Chevrolet manufactured close to 250,000 examples in the period from 1997 to 2004 at the Bowling Green assembly plant in Kentucky, with the last model year holding a base price of $43,835. The pictured C5, which is the last unit produced, is a lot more expensive than that. More to the point, the seller wants $1,000,000 on it, which is top dollar for a fifth-gen ‘Vette.
A Commemorative Edition 1SC finished in Lemans Blue over a Shale interior, the final C5 features a posi rear end, automatic transmission, and a 350-horsepower LS1. Including the destination charge, the original price printed on the window sticker stands at $48,840. Grosso modo, the asking price listed on Buyavette.net is a mind-boggling 21 times the car’s original price.

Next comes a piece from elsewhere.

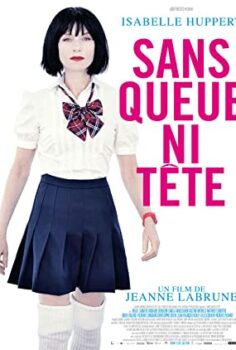 Özel Muamele Sans Queue Ni Tête +18 Türkçe Dublaj izle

The vendor tries to sweeten the deal by highlighting that the car is “AS NEW, and is truly a time capsule, complete with all of its factory plastic, stickers, and labels.” The pictures don’t lie, and bearing in mind the odometer shows 29 miles from new, the description is bang on the buck as well.
Having said these, will the final example of the C7 Corvette be worth one million green dollar bills in 13 years’ time, just like the pictured C5? But more importantly, do you consider that $1,000,000 is a bit of a stretch for a fifth-generation Corvette that might or might not hold its value over time?